During a genetic amniocentesis procedure, a small amount of amniotic fluid is taken from the sac surrounding the fetus. From guidance of an ultrasound, a fine needle is inserted into the uterus through the abdomen. There may be some discomfort during the procedure, but a local anesthetic can be used to reduce pain.
A small sample—less than one ounce—is sent to our labs for analysis. The amniotic fluid surrounding the baby contains various fetal cells that can be tested for birth defects pertaining to a chromosomal abnormality, such as Down syndrome, or neural tube defects. Amniocentesis is usually only performed on women carrying children with a high risk for genetic disorders and have gone through prenatal screening. This would include women who have a family history of birth defects, have a previous child with birth defects, had an abnormal ultrasound, or will be older than 34 at the time of birth. The results of the procedure are about 99.4% accurate and there is very little risk associated with amniocentesis.

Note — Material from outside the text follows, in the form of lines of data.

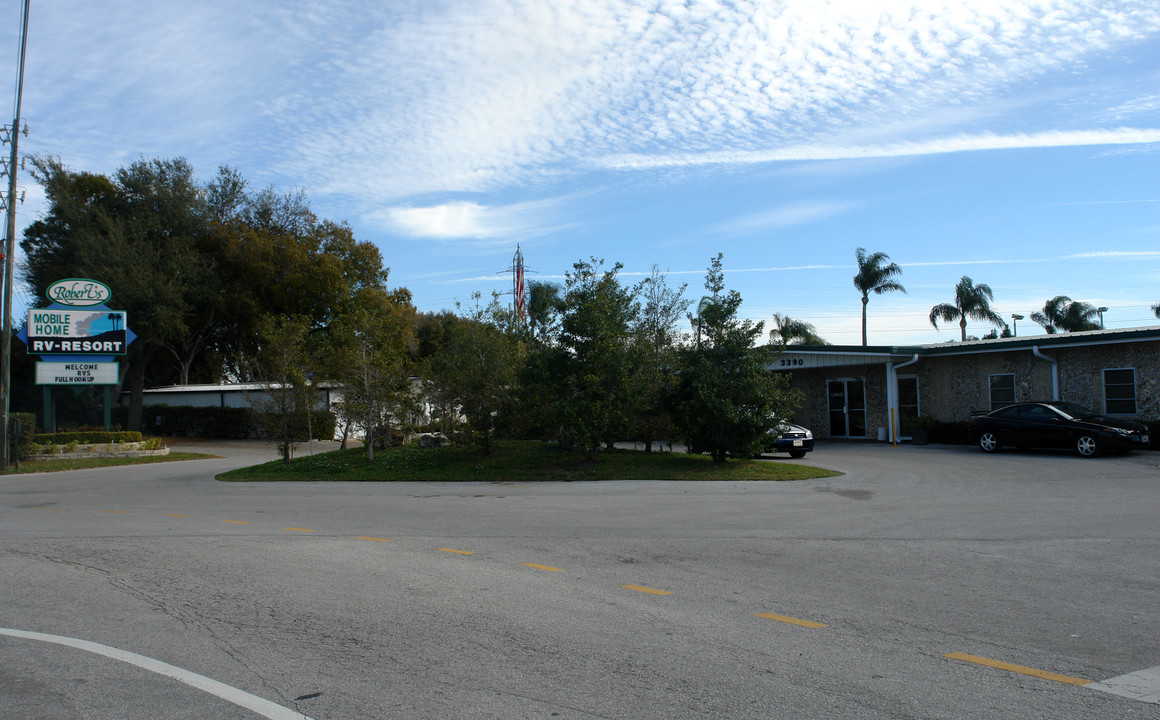 Robert's Mobile Home & RV Park in St. Petersburg, FL - Building Photo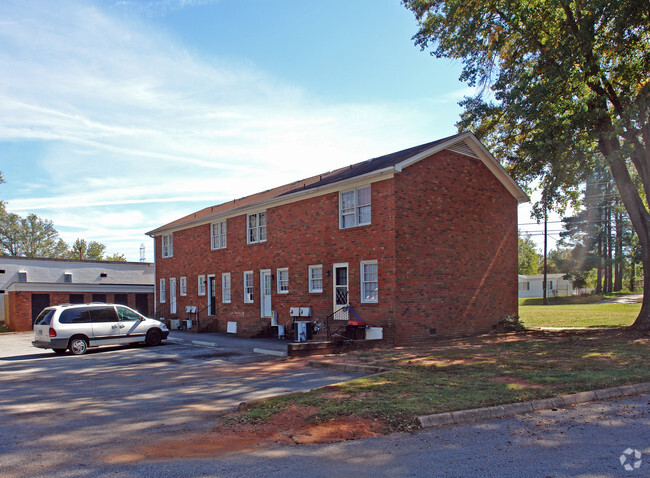 Building Photo - North Franklin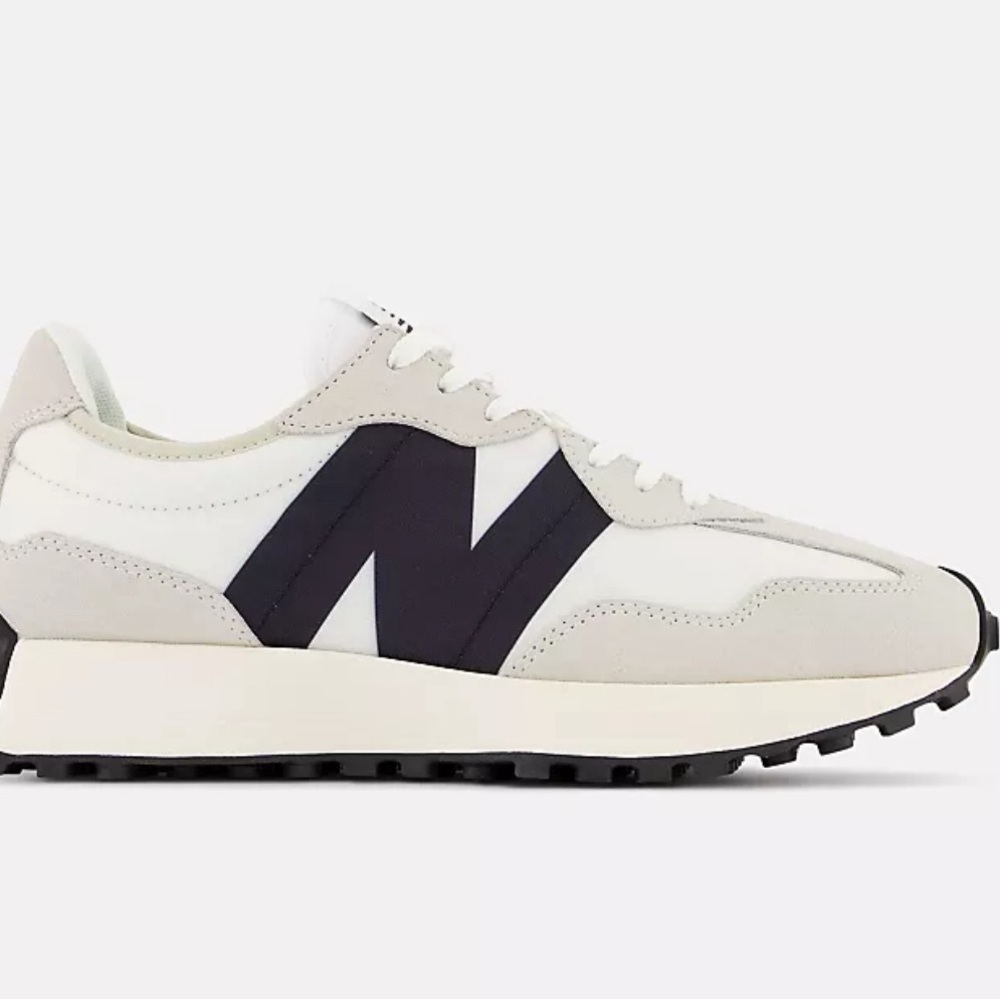 New Balance 327 New with Box Women size 7.5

The non-stress testing is a simple procedure that is painless for both you and your baby. It is done as fetal screening to evaluate the condition of your baby during pregnancy. During the tests, we will monitor the baby’s heartbeat when he or she is active and resting. The test is usually performed on high-risk patients in the last months leading to the due date or if the due date has passed. Some other reasons might include: preexisting diabetes in the mother, gestational hypertension, the baby is not growing properly or is not as active as normal. During the procedure, the mother lies on her side and is connected to a monitor for the baby’s heartbeat. If the baby is sleeping, the technician may ask to the mother to drink something in order to get them moving. This test could last 20 to 60 minutes, depending on the activity of the baby.
Chorionic Villus Sampling
The prenatal test called chorionic villus sampling (CVS), takes a small amount of chorionic villi from the placenta. The fluid is taken through the cervix (transcervical) or the abdominal wall (transabdominal) and takes the cells from the placenta at the point where it is attached to the uterine wall. When collecting samples transcervical, the ultrasound is used to guide a catheter through the cervix to the placenta where the cells are lightly suctioned to the catheter. During the procedure, an ultrasound guides a thin, long needle through the abdomen to the placenta where the sample is drawn out. The chorionic villi are used in this testing as they are placental tissue and share the genetic makeup of the fetus. It may be chosen over genetic amniocentesis, because it collects larger samples of tissue, and yield faster results. Similar to amniocentesis, CVS detects chromosome abnormalities, but does not test for neural tube defects.
Cervical cerclage is a surgical procedure used to treat cervical incompetence. The term cervical incompetence is used when a woman’s cervix is weak. When this happens, the cervix opens or shortens too early and as a result, the mother is more likely to have a premature birth. A weak cervix many occur due to the history or miscarriage, a “cone biopsy,” or damaged cervix by abortion. During the cerclage placement, most women are given an epidural, and a doctor will stitch and tighten a band of strong thread around the cervix in order to hold it firmly closed. The thread can be easily removed when necessary and there is minimal risk when placing a cerclage.
Percutaneous Umbilical Cord Blood Sampling (PUBS)
Percutaneous umbilical cord blood sampling, also known as cordocentesis, is a diagnostic test that analyzes the blood from the baby to detect abnormalities before birth. The procedure is performed using ultrasound imaging to determine the location of the umbilical cord and where it inserts into the placenta. From the guidance of the ultrasound, a thin needle is inserted into the abdomen and uterine walls to reach the umbilical cord. The needle then draws a small sample of blood form the umbilical cord. After the sample is drawn, it is sent to our labs for results. This procedure tests for malformations, fetal infection, fetal anemia, and isoimmunation. The test is safe for both the mother and baby and there are only a few possible side effects that should be discussed during your visit to our office.